Inconsistency in the normal ordered Virasoro algebra
OP is right that one can superficially demonstrate (via heuristic manipulations of infinite series) that the Virasoro generators (2) satisfy the Witt algebra (3). The best would be to regularize the infinite sum (2), but physics textbooks rarely bother to do so.
Since the Virasoro generators $L_n$ should have a well-defined action on the vacuum state, we should as a minimum allow for an infinite constant $C$ in OP's eqs. (2) & (3): $$L_n ~=~ \frac{1}{2} \sum_{k \in\mathbb{Z}} \alpha_{n-k} \alpha_k ~+~ C\delta_n^0{\bf 1}, \tag{2'}$$ $$[L_n, L_m] ~=~ (n-m)(L_{n+m}-C\delta_{n+m}^0{\bf 1}).\tag{3'}$$
It is not useful/well-defined to work with an infinite constant $C$. In particular, we cannot reliably determine the central charge in the Virasoro algebra (3'). Therefore we need to order the annihilation and creation operators $\alpha_k$ in the Virasoro generator $L_n$ in a manner so that only finitely many of its terms act non-trivially on the vacuum state. Whichever such operator-ordering-prescription we choose, we can always rewrite it using the standard normal-order as $$L_n ~=~ \frac{1}{2} \sum_{k \in\mathbb{Z}} :\alpha_{n-k} \alpha_k: ~+~ C\delta_n^0{\bf 1} \tag{2"}$$ by including a finite constant $C$. With eq. (2") the genie is out of the bottle: A non-zero central charge is now inevitable.
In practice, authors now redefine the Virasoro generator (2") so that the constant $C=0$ is zero, cf. Refs. 1-2.
References:
B. Zwiebach, A first course in String Theory, 2nd edition, 2009; section 12.4.
M.B. Green, J.H. Schwarz and E. Witten, Superstring theory, Vol. 1, 1986; eq. (2.2.14).
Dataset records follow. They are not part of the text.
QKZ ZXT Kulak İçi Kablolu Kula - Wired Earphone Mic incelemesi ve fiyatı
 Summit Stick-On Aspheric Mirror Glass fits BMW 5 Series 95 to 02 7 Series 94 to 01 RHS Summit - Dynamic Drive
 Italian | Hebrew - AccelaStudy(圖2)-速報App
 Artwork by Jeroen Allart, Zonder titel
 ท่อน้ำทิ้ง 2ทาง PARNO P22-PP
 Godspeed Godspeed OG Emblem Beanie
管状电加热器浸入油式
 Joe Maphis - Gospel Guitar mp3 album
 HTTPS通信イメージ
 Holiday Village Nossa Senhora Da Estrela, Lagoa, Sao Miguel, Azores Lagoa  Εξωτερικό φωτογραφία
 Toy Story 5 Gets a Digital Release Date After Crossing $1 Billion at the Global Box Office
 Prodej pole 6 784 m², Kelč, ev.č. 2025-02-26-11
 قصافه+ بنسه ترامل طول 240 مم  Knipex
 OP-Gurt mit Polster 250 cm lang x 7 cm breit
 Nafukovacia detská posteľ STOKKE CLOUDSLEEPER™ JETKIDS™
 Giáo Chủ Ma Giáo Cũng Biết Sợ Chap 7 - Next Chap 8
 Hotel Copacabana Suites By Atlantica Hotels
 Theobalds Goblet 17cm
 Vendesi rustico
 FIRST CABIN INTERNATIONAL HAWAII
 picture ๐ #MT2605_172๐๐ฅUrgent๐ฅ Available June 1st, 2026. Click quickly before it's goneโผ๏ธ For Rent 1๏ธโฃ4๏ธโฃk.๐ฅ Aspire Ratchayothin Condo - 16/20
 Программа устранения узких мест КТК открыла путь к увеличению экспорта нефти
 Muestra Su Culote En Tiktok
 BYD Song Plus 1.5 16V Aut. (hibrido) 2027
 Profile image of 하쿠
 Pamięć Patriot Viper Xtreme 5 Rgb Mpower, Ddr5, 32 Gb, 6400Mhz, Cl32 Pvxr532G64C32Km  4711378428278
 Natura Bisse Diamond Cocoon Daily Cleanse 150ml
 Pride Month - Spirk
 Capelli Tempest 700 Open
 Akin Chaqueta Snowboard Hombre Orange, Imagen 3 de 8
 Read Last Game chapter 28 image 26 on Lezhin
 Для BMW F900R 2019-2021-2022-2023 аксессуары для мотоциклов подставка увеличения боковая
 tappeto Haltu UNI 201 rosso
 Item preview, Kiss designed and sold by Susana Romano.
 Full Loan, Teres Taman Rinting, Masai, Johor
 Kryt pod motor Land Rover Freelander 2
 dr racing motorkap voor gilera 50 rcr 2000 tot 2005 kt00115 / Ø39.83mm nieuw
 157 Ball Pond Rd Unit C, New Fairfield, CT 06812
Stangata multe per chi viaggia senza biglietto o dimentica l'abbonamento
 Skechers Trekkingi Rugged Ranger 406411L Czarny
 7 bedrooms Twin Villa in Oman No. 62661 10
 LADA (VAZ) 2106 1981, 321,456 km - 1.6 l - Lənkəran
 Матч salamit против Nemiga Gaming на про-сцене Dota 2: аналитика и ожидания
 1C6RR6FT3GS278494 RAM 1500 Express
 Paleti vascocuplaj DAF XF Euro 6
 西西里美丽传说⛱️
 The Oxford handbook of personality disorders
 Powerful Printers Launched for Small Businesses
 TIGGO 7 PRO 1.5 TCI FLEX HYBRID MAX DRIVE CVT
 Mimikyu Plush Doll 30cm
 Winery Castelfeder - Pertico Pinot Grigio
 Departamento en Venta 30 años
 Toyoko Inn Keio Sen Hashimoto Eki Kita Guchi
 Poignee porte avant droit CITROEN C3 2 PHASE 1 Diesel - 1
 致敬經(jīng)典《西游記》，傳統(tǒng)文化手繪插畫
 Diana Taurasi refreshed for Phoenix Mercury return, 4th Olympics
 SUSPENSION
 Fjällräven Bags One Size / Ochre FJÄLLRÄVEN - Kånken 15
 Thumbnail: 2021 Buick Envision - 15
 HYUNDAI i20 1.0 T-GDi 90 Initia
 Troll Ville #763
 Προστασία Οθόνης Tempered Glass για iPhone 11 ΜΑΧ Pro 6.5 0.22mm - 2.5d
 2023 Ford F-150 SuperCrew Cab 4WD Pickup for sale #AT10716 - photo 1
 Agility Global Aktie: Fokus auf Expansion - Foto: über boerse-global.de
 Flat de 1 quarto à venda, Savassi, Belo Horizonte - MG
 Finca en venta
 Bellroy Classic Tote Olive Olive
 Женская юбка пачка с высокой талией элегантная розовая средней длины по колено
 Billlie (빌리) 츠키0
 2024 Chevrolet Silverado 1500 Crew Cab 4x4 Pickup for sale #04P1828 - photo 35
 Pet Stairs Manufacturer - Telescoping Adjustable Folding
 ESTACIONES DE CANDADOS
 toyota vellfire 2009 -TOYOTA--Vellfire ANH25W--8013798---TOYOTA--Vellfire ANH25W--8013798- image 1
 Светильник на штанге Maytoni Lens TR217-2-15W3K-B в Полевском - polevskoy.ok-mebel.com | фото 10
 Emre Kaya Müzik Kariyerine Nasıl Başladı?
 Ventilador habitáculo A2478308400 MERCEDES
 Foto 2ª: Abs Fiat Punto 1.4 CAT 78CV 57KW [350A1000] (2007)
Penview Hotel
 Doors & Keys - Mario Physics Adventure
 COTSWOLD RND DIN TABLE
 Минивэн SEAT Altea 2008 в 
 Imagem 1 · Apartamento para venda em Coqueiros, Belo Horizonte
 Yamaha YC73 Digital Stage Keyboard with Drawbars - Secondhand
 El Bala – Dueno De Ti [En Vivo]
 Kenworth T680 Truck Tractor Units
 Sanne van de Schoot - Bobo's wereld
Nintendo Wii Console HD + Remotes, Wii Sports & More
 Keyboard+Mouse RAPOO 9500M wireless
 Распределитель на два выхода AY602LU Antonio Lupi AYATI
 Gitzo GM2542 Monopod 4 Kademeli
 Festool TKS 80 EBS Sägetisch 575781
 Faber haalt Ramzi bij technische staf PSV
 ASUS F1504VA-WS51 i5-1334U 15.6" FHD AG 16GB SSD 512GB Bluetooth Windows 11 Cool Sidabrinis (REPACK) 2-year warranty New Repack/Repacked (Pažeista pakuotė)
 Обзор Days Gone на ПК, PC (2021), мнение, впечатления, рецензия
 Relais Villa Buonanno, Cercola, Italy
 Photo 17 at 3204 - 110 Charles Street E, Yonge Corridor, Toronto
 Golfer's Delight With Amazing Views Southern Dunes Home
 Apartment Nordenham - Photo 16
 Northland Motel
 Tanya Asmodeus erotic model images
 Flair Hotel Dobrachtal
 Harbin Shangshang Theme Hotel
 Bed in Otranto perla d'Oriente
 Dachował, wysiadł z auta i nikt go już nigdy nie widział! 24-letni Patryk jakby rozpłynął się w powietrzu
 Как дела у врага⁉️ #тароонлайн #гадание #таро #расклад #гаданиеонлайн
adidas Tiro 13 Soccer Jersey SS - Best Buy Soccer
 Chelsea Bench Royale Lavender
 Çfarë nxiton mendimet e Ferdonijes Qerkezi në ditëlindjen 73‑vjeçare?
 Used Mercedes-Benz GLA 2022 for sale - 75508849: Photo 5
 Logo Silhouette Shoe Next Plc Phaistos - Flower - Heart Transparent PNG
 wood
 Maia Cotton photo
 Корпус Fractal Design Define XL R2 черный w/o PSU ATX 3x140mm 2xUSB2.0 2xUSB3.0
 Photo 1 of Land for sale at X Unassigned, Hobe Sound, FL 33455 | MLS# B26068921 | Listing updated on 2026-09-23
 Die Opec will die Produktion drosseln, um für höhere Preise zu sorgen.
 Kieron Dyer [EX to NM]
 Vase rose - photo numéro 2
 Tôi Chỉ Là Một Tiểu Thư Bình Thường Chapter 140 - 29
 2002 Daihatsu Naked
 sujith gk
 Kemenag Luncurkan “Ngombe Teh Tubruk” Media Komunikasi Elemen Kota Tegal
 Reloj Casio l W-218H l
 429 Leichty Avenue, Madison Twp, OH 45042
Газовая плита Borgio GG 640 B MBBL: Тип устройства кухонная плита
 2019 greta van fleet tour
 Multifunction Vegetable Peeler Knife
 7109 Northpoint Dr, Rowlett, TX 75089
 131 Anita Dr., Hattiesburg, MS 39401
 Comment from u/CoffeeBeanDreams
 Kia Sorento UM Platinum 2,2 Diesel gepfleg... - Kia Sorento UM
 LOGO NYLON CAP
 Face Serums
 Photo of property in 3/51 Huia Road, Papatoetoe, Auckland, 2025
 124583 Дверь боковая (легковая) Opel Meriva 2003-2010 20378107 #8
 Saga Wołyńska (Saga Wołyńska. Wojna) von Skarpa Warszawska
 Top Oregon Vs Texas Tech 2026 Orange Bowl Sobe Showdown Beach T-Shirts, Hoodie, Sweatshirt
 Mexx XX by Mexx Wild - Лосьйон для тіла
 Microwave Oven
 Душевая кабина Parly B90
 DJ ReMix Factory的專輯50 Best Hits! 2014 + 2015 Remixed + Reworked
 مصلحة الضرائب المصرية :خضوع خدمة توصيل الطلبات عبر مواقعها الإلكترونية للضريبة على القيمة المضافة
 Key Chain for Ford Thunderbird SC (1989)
The resolution is that the expression $$ L_n=\tfrac{1}{2}\sum_{m=-\infty}^{+\infty} \alpha_{n-m}\alpha_{m} $$ actually suffers from a divergence! It's easy to see it fails to be defined on the usual string Fock space $\mathcal H$ (built atop a vacuum state that is annihilated by non-negative oscillators). Therefore, while you can indeed calculate $$ [L_m,L_n]=(m-n)L_{m+n} $$ (no central charge!) just using canonical commutation relations, you have not exhibited a Hilbert space where $\alpha_n$ and thus $L_n$ correspond to honest operators.